Please transcribe the listing that follows exactly; images are to be excluded.

_Data extract_
= = = = = = =

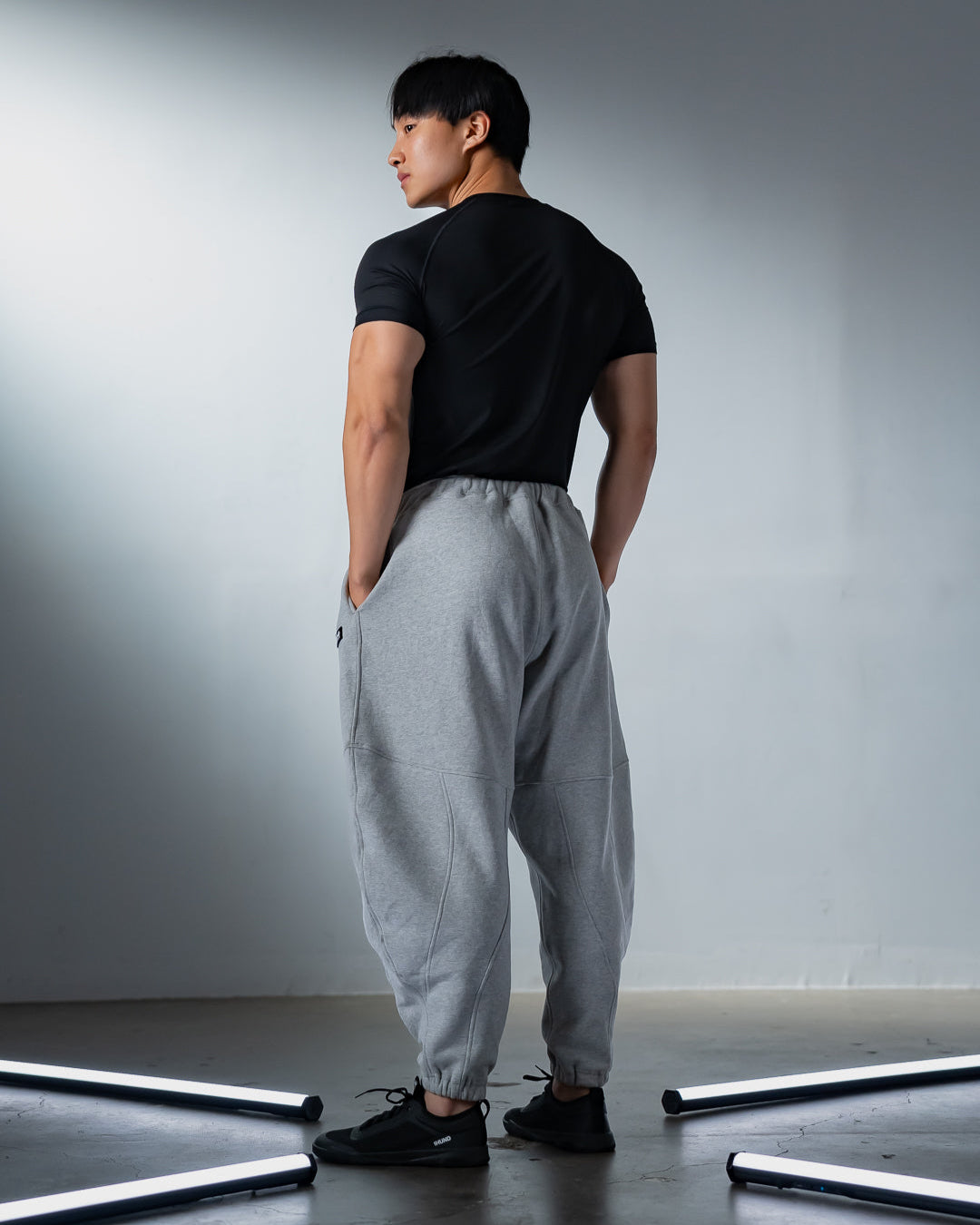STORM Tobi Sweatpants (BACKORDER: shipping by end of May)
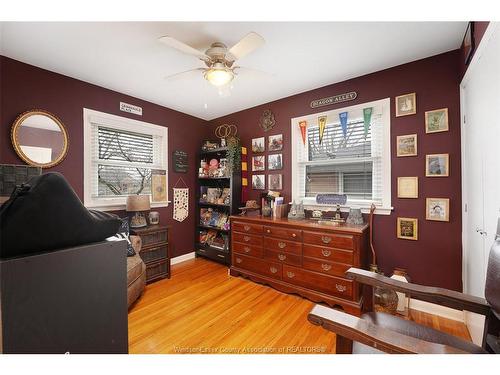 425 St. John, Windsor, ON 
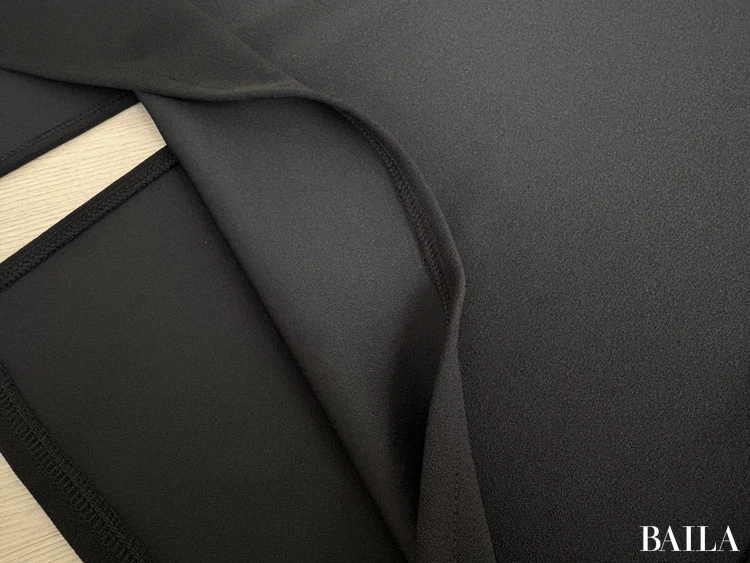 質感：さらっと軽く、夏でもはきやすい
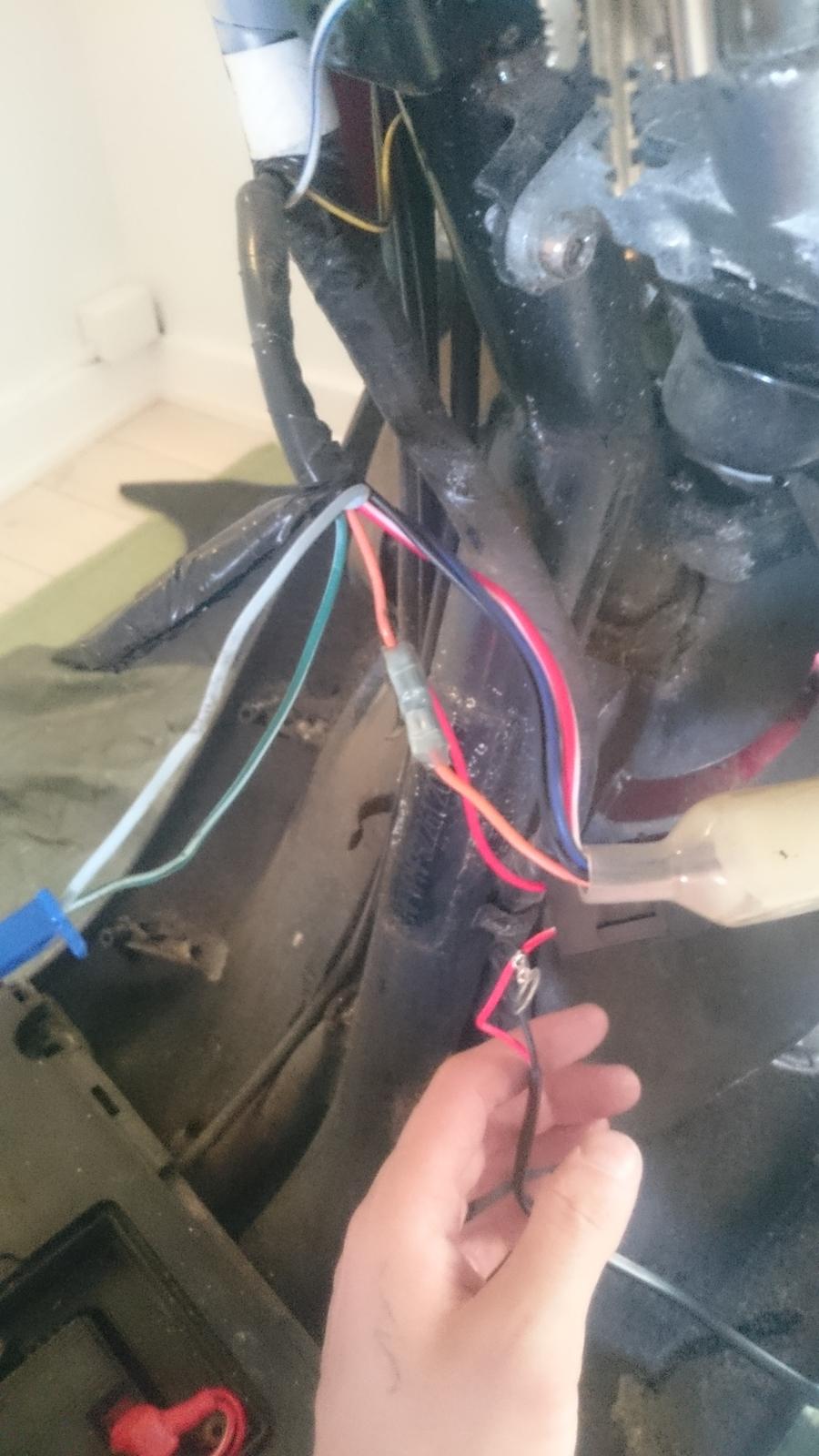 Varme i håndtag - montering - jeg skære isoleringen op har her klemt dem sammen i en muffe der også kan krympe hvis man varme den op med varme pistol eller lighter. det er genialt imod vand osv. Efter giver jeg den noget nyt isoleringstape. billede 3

= = = = = = =

_Answer to this problem_
STORM Tobi Sweatpants (BACKORDER: shipping by end of May)
 425 St. John, Windsor, ON 
 質感：さらっと軽く、夏でもはきやすい
 Varme i håndtag - montering - jeg skære isoleringen op har her klemt dem sammen i en muffe der også kan krympe hvis man varme den op med varme pistol eller lighter. det er genialt imod vand osv. Efter giver jeg den noget nyt isoleringstape. billede 3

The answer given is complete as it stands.